Friday, March 25, 2011
allow me to introduce your kitchen staff...
If anyone has read Kitchen Confidential you will know that Anthony Bourdain paints a very frightening picture of most of the kitchens he has worked in. Descriptions of cooks passing out on the line and having to be dragged to safety until they recuperate, plenty of drugs - from marijuana to heroin - and far more sex on the flour bags in dry storage than one would like to consider! Can this really be true? Surely not!
Now, to be fair, I haven't worked in every kitchen in this town but the ones I have been in certainly are not this extreme. Stratford has a reputation for being serious about food, and it really does extend into most of the kitchens around the city. Though to a degree Mr. Bourdain is not that far off, the difference being that the drugs don't extend so far into the hard stuff, most kitchen staff stick to weed/alcohol and the sex happens after work, though often with the co-workers who would otherwise be taking it on the flour sacks.
In the midst of battle, on a hot day in August, a kitchen can reach temperatures in excess of 40 degrees Celsius. And its not just about the heat, there is the humidity to deal with - sometimes the ceilings drip, mingling with the sweat on the brows of those hardworking men and women who slave away to provide delicious meals for hasty demanding guests.
The relationship between the front and back of house is an odd thing.

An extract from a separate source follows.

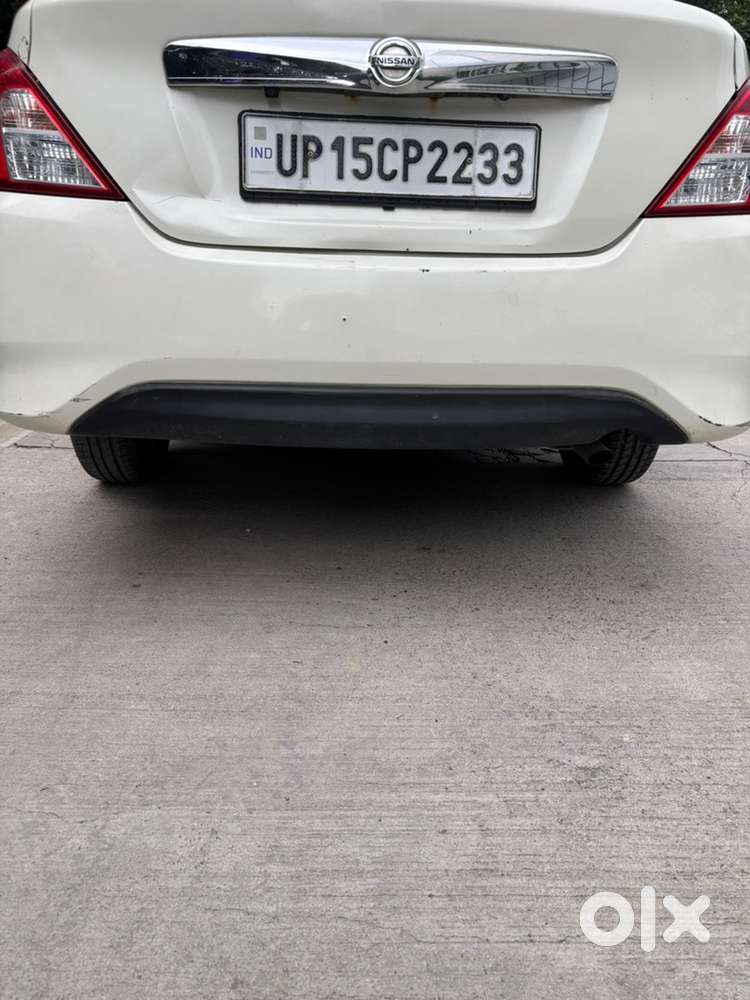 2018 Nissan Sunny Petrol Automatic Cvt Leather Seats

There is no shortage of physical contact between the two but somehow there is a huge gaping chasm that is nigh un-crossable at times. Chefs, cooks and commis alike have a certain smugness about them when they are behind the line, they are king of their castle, captain of their ship and in the midst of service they really do control the flow of the restaurant. For better or worse the front of house staff depend desperately on their kitchen and the kitchen staff know this.

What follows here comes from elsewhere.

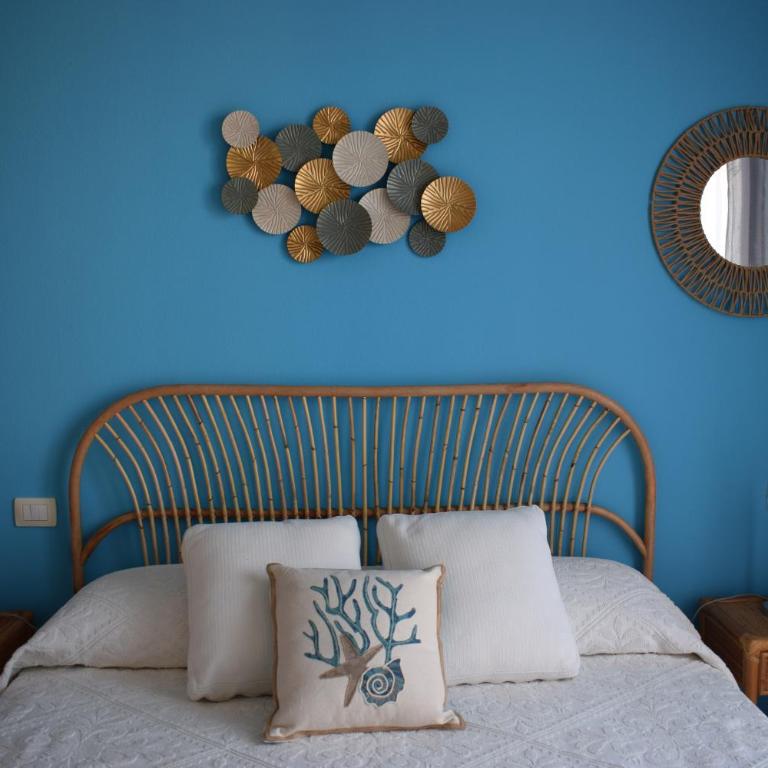 Casa rosa dei venti - Casa con 2 Camere da Letto - 5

Somehow, during the shift towards equality, and better workplace standards, the world of kitchens got left in the dark ages. Breaks are few and far between and your boss is more likely to 'discipline' you through yelling and throwing things or calling you names and forcing you to endure hard manual labour than speak sensibly. It's often a thankless job, where the servers take all the glory for great food and rake in all the money that comes from a job well done. But hey, minimum wage makes it all worth while!